*** Opening INPUT DATA ***
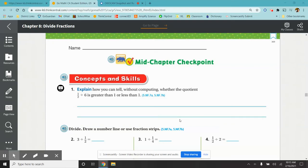Good morning, fifth grade. Today we're going to do the chapter 8 mid-chapter checkpoint. So tear out page 369 and 370 from your book. Make sure you have a sheet of graph paper as well. I am going to be going over the problems on the screen and then I'll be doing all the problems on graph paper.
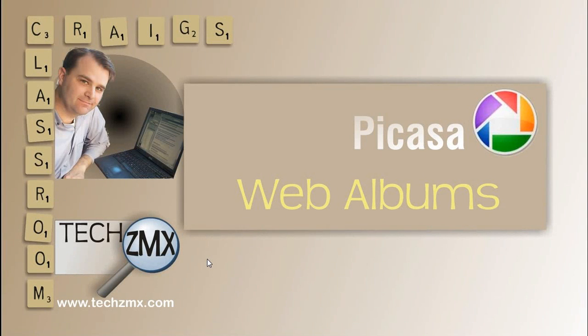Hello, welcome to Craig's Classroom. Today's lesson on Picasa, this well-respected photo editing, organizing, sharing tool from Google.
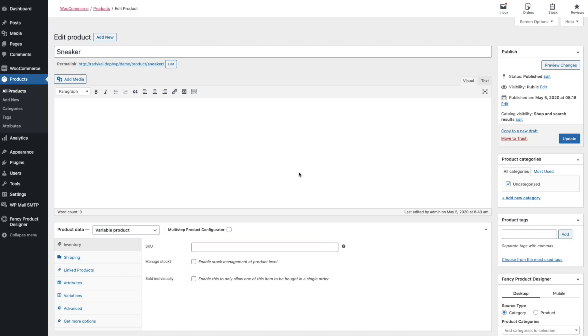Hello and welcome to this video tutorial on how to get started with the multi-step product configurator and how to use it with the Fancy Product Designer.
*** Closing INPUT DATA ***
| WHAT THE TASK ASKS |
Please reproduce nothing but the lines from the one containing "Hello, welcome to" through the closing line of the listing, retyped word for word, pictures excluded.

| RESPONSE AREA |
Hello, welcome to Craig's Classroom. Today's lesson on Picasa, this well-respected photo editing, organizing, sharing tool from Google.
Hello and welcome to this video tutorial on how to get started with the multi-step product configurator and how to use it with the Fancy Product Designer.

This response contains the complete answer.